I have been also thinking of adapting the parameter corresponding to the upper bound in the definition of the Dirichlet prior, but this resulted in errors in model fitting. And after reading this thread I’m not sure it’s relevant to do so.
The other options I can think of would be:
Rewrite some of the code to keep the same general idea by only modeling degenerate lower bound values (zeros) and continuous values, but not the upper bound. However, my understanding of the package code is too limited to allow me to make this modification directly.
Use another distribution to model this data. As this duration data is discretized with a resolution of 10 milliseconds and can therefore be considered as a count of the number of 10 ms frames, I was thinking of a Poisson distribution. However, the first attempt I made with a Poisson distribution resulted in a fit not as good as with ordbetareg.
Thanks in advance for any other suggestions on how to model such data.
As @amynang wrote, there are other models that would seem to be more to the point. However, both Gamma and log-normal will require a zero-inflated (hurdle) component as neither accepts true 0s. But in principle, that would marry a discrete 0 with an unbounded positive response.

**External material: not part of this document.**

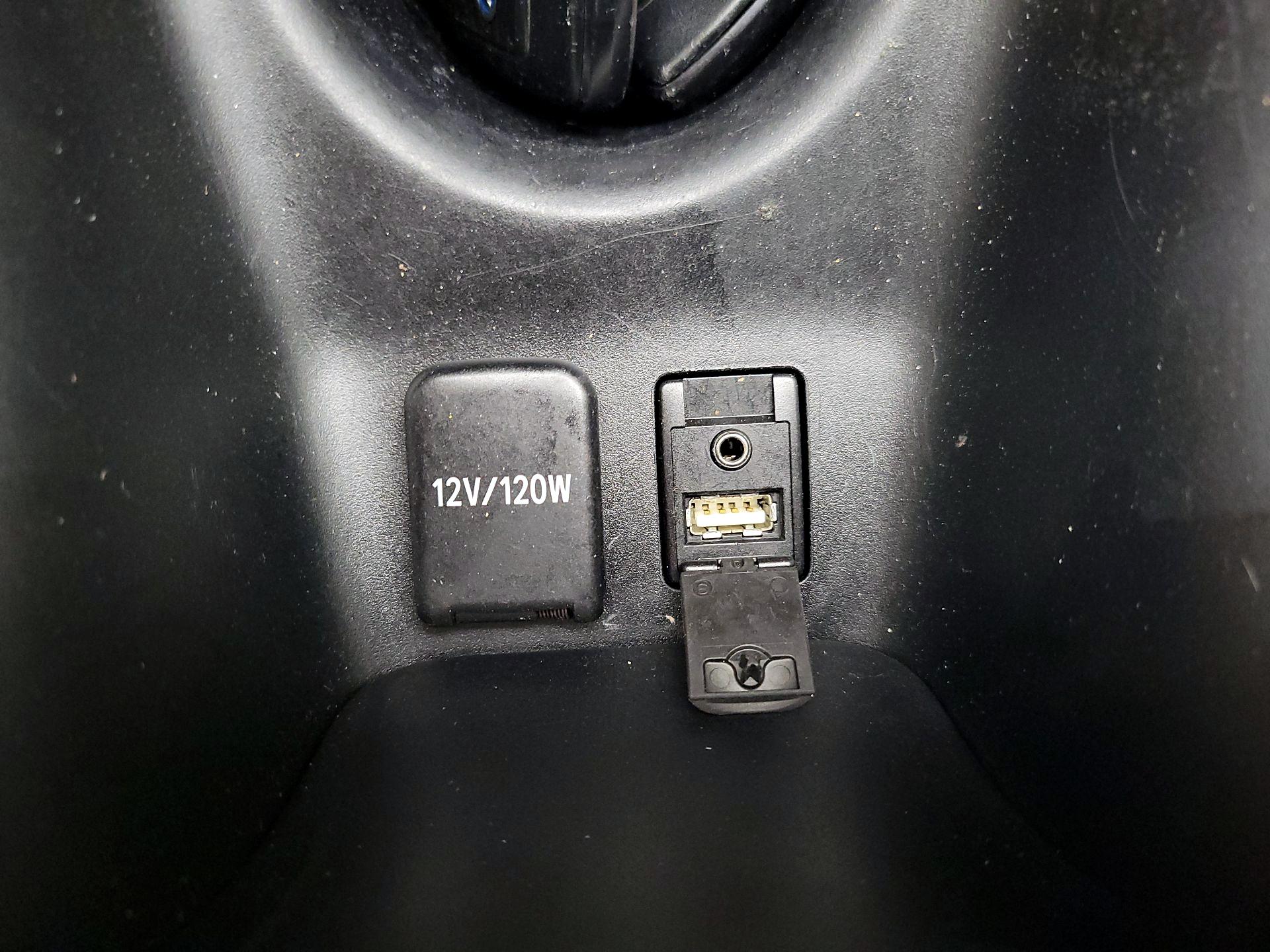 Thumbnail: 2017 Toyota Prius - 18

That being said, yes, you can use ordbetareg for modeling this type of outcome and a lot of it comes down to whether it makes sense to think of your treatment effect as a percentile effect. The primary advantage is that it enables scale-free comparison. For example, suppose you do multiple samples and the upper bound is somewhat arbitrary, but what you really want to see is what the percent difference was between treatment and control (not the amount on the response scale).

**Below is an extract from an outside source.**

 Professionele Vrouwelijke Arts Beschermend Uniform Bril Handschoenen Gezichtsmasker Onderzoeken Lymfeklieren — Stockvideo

In that case, what you should do is pass a vector of c(0,upb) to the true_bounds option where upb is some value above which you don’t think durations are important or interesting (such as a time-out or some such upper limit). Then ordbetareg will scale the treatment effect against this upper bound, and that is a perfectly acceptable use of ordbetareg if percentile effects are useful for your research question.
I discuss this issue in more depth in this blog post about the econometrics “log of 0” controversy, which is a related topic:
Many thanks to both of you for your answers, which have helped me to see things more clearly, both for modeling this data and for other applications in my field.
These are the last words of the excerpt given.